KiwiSaver First Home Withdrawal
KiwiSaver members can withdraw their savings to put towards the purchase of their first home. This option is particularly beneficial for those who have been contributing to KiwiSaver for several years.
Key Features:
- Eligibility: You must have been a KiwiSaver member for at least three years.
- Amount: You can withdraw your contributions, your employer’s contributions, and government contributions (excluding the $1,000 kick-start if you received it).
- First Home Grant: If you are eligible, you can also apply for the First Home Grant, which provides up to $5,000 for an existing home or up to $10,000 for a new build.
Considerations:
- Impact on Retirement Savings: Withdrawing your KiwiSaver funds will reduce the amount available for your retirement, so consider this carefully.
- Application Process: The process can take several weeks, so plan ahead to ensure the funds are available when you need them.
Welcome Home Loan
Similar to the First Home Loan, the Welcome Home Loan is another initiative by Kāinga Ora designed to help first-time buyers with a low deposit.
Key Features:
- Low Deposit: Requires only a 10% deposit.
- Income Cap: The income cap is $95,000 for a single buyer and $150,000 for a couple or two or more buyers.
- House Price Cap: The property price must be within the regional house price caps set by Kāinga Ora.
Considerations:
- Limited Lender Participation: Not all lenders offer the Welcome Home Loan, so your options may be limited.
- Mortgage Insurance: You may need to pay a mortgage insurance premium, which can increase the overall cost of the loan.
Bank Loans
Most major banks in New Zealand offer a range of mortgage products tailored to first-time buyers. These loans typically require a higher deposit than the government-supported schemes but may offer more flexibility.
Key Features:
- Deposit Requirements: Typically, banks require a 20% deposit, but some may offer loans with a lower deposit under certain conditions.
- Interest Rates: Banks often offer competitive interest rates, with options for fixed, floating, or split-rate mortgages.
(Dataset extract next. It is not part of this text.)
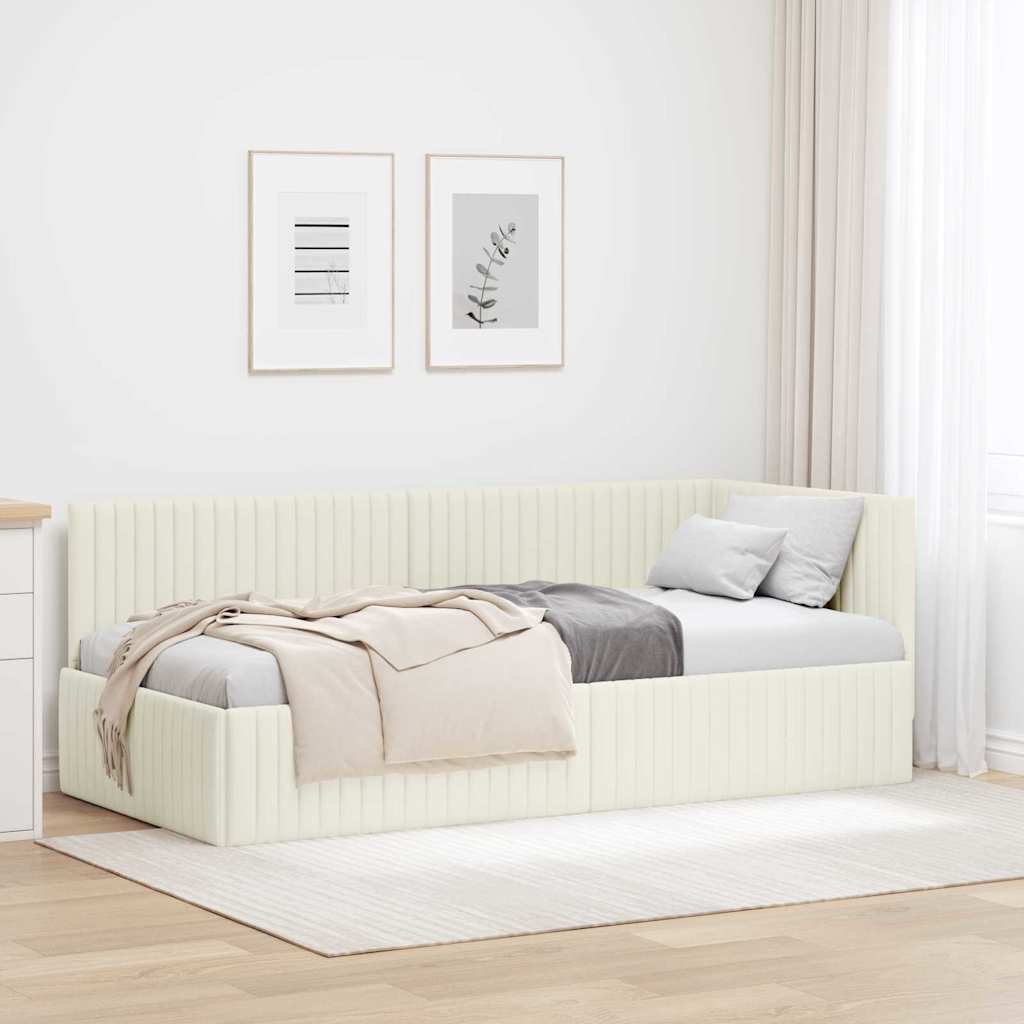 vidaXL Rama łóżka narożnego Kremowy 90 cm x 200 cm Aksamit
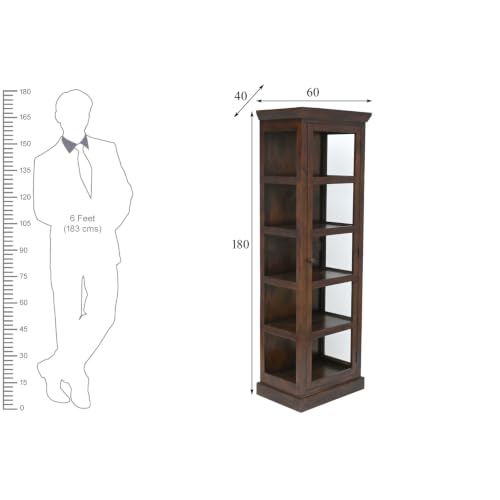 Image of The Attic Indiana Kitchen Cabinet Honey, Multipurpose Cabinet for Bedroom Living Room Study bar, Solid Wood Bookshelf /Kitchen Cabinet, Solid Mango Wood, Honey Matte Finish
- Special Offers: Banks may provide special offers for first-time buyers, such as cash incentives, lower interest rates for the first year, or reduced fees.
Considerations:
- Credit Score: Your credit score and financial history will significantly impact your ability to secure a loan and the terms offered.
- Loan Features: Consider the features of the loan, such as the ability to make extra repayments, redraw facilities, and offset accounts.
Non-Bank Lenders
Non-bank lenders can be an alternative for those who may not meet the strict criteria of traditional banks. These lenders may offer more flexible terms but often at higher interest rates.
Key Features:
- Flexible Criteria: Non-bank lenders may be more willing to work with borrowers who have lower deposits or less-than-perfect credit histories.
- Quick Approval: Non-bank lenders often have faster approval processes compared to traditional banks.
Considerations:
- Higher Interest Rates: Non-bank lenders typically charge higher interest rates, which can increase the overall cost of the loan.
- Reputation and Regulation: Ensure the lender is reputable and regulated by the Financial Markets Authority (FMA) to avoid potential issues.
Navigating the various first home loan options in New Zealand can be complex, but understanding the available schemes and their requirements can help you make an informed decision. Whether you opt for a government-supported loan, utilise your KiwiSaver funds, or secure a mortgage through a traditional or non-bank lender, each option has its benefits and considerations.
It’s essential to thoroughly research and compare the options, considering factors such as deposit requirements, interest rates, eligibility criteria, and additional costs. Consulting with a financial advisor or mortgage broker can also provide valuable insights and help you choose the best loan for your circumstances.
By exploring these first home loan options and understanding their implications, you can take a significant step towards achieving your dream of homeownership in 2024.